What needs to be done. Give the data again exactly as it appears, excluding any pictures.

Material provided.
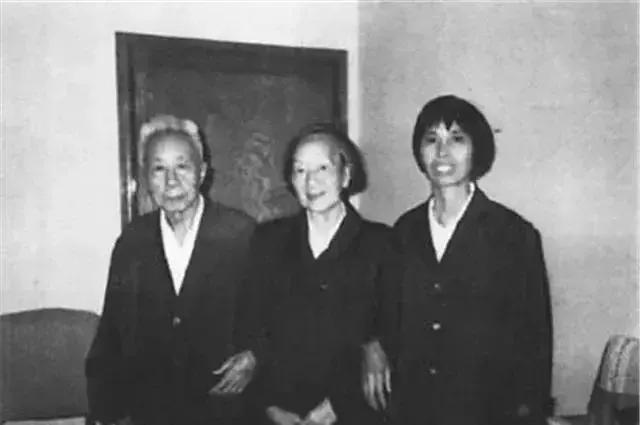 被宣布"牺牲"46年，丈夫在她的讣告上签了字、另组家庭、养了五个女儿。她自己一个
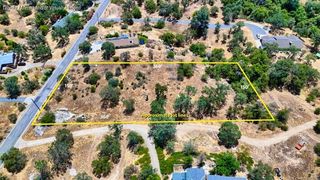 1 N  Dome Dr, Coarsegold, CA 93614
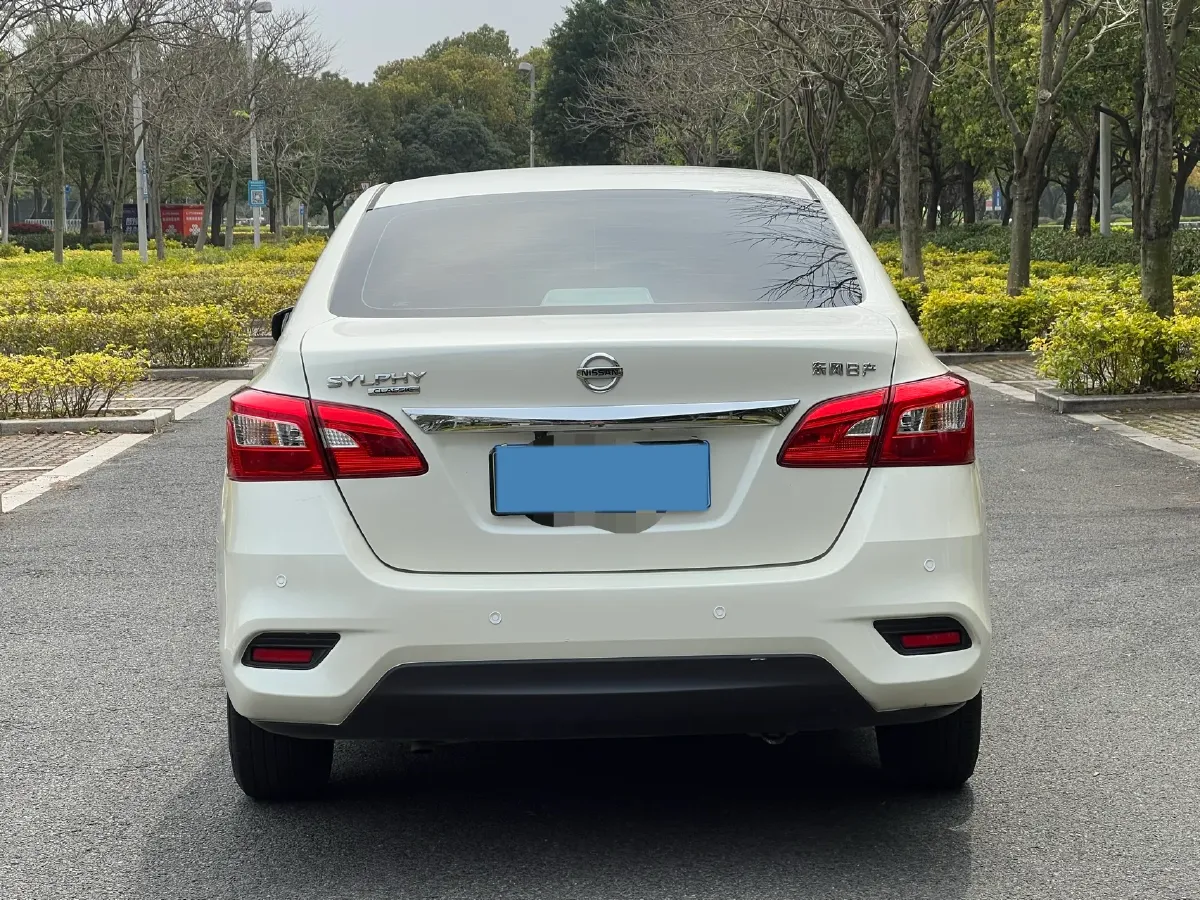 2022 Nissan Sylphy 1.6L 122HP L4 5MT,autocango,china used car exporter,china ev exporter,chinese used car exporter,chinese used ev exporter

Solution below.
 被宣布"牺牲"46年，丈夫在她的讣告上签了字、另组家庭、养了五个女儿。她自己一个
 1 N  Dome Dr, Coarsegold, CA 93614
 2022 Nissan Sylphy 1.6L 122HP L4 5MT,autocango,china used car exporter,china ev exporter,chinese used car exporter,chinese used ev exporter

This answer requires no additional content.